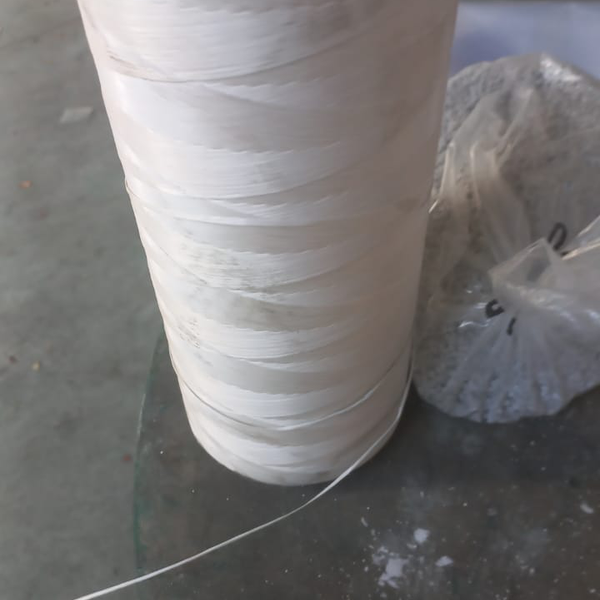 Resíduo: Fio roving 785 - B2Blue  - Compra e Venda de Resíduos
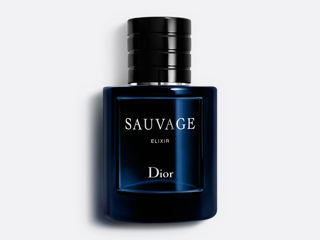 Dior Sauvage Elixir foto 2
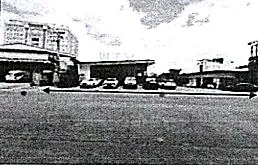 Land & Commercial Building in Russey Keo, Phnom Penh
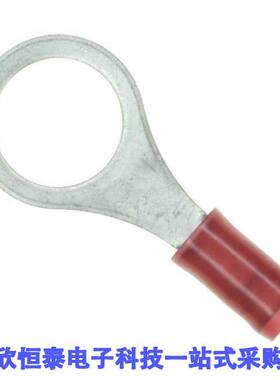 2-320573-2连接器 《 CONN RING CIRC 20AWG #3/8 CRIMP    》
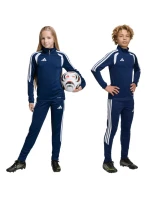 Dětské adidas Tiro 26 League Training Slim navy blue JY7118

----------

TASK INSTRUCTIONS:
The records must be restated word for word, apart from any images.

RESPONSE TO THE TASK:
 Resíduo: Fio roving 785 - B2Blue  - Compra e Venda de Resíduos
 Dior Sauvage Elixir foto 2
 Land & Commercial Building in Russey Keo, Phnom Penh
 2-320573-2连接器 《 CONN RING CIRC 20AWG #3/8 CRIMP    》
 Dětské adidas Tiro 26 League Training Slim navy blue JY7118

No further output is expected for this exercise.